Beim Oberverwaltungsgericht für das Land Nordrhein-Westfalen ging es um einen Beschäftigten einer Stadtverwaltung, der seinen Anspruch auf einen Raucherraum und Zigarettenpausen geltend machte. Der Mitarbeiter erntete jedoch für seine Kritik an den Regelungen des Nichtraucherschutzes kein Verständnis. Mit seiner Meinung, dass eine Zigarettenpause eine "zulässige Arbeitsunterbrechung" sei, blieb er allein. Denn dazu zählten nur Tätigkeiten wie der Gang zur Toilette, der Kaffee im Büro oder auch das kurze private Gespräch auf dem Flur. Das Gericht erklärte ferner, dass das Verbot der Zigarettenpause keineswegs einseitig raucherunfreundlich sei, sondern vielmehr eine Frage der Gleichbehandlung. Denn es werde ja auch von Nichtrauchern während der Kernarbeitszeit die Anwesenheit im Büro verlangt. Dazu genüge es nicht, "dass sich der Beamte oder Angestellte irgendwo auf dem Gelände des Verwaltungsgebäudes befindet". (OVG NRW, 1 A 812/08)

In einem anderen Fall ist ein Angestellter dabei ertappt worden, dass er seinen Arbeitsplatz über einen Zeitraum von zwei Monaten für insgesamt mehr als vier Stunden "zum Rauchen und Kaffee trinken" verlassen hat, ohne das Zeiterfassungssystem zu bedienen. Sein Arbeitgeber sah darin einen "erheblichen Verstoß gegen die arbeitsvertraglichen Pflichten" und kündigte dem Mann fristlos. Das Landesarbeitsgericht Hamm hielt die Entlassung jedoch für unverhältnismäßig, da es zuvor keine Abmahnung gegeben habe. Weil diese "gelbe Karte" fehlte, behielt der Sachbearbeiter seinen Job. Hätte der Arbeitgeber diese rechtzeitig gezogen, so wäre der Mitarbeiter gewarnt – und in der Lage gewesen, sein Verhalten zu ändern. (LAG Hamm, 8 Sa 1854/10)

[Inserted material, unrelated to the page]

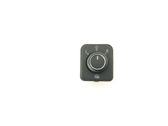 Wing mirror switch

Vergleichbar ein Fall aus Rheinland-Pfalz: Auch dort machte ein Arbeitnehmer ausgiebige Raucherpausen. Hier kam der Arbeitgeber teilweise auf zwei Stunden am Tag, die der Mitarbeiter vor der Tür stehend an Arbeitszeit "verpaffte" – was ihm die Kündigung brachte. Zwar sah das Landesarbeitsgericht in Mainz eine Verletzung der arbeitsvertraglichen Pflichten. Jedoch sei auch diese Kündigung unverhältnismäßig, wenn der Chef im Grunde kurze Raucherpausen genehmigt hatte und er künftig den Mitarbeiter verpflichten könne, "aus- und einzustempeln". Selbst die wegen der exzessiven Raucherpause ausgesprochene Abmahnung dürfe im Wiederholungsfall nicht zur Entlassung führen, weil sie als Reaktion überzogen sei. Hier kam hinzu, dass der Beschäftigte bereits mehr als 50 Jahre alt war und langjährig angestellt, so dass er "es schwer haben" werde, einen neuen Arbeitsplatz zu finden. (LAG Rheinland-Pfalz, 10 Sa 562/09)

In Gaststätten ...

… geht es, die Arbeitnehmer betreffend, um dieselben Probleme. Hier kommt aber hinzu, dass die Gäste quasi "vor sich selbst" geschützt werden sollen. Während die Debatte über Eckkneipe, Rauchersalon und Speisegaststätte weitestgehend "verglüht" ist, standen zuletzt meist "offene" Gaststätten (zum Beispiel solche, in einem Einkaufscenter) auf dem Prüfstein.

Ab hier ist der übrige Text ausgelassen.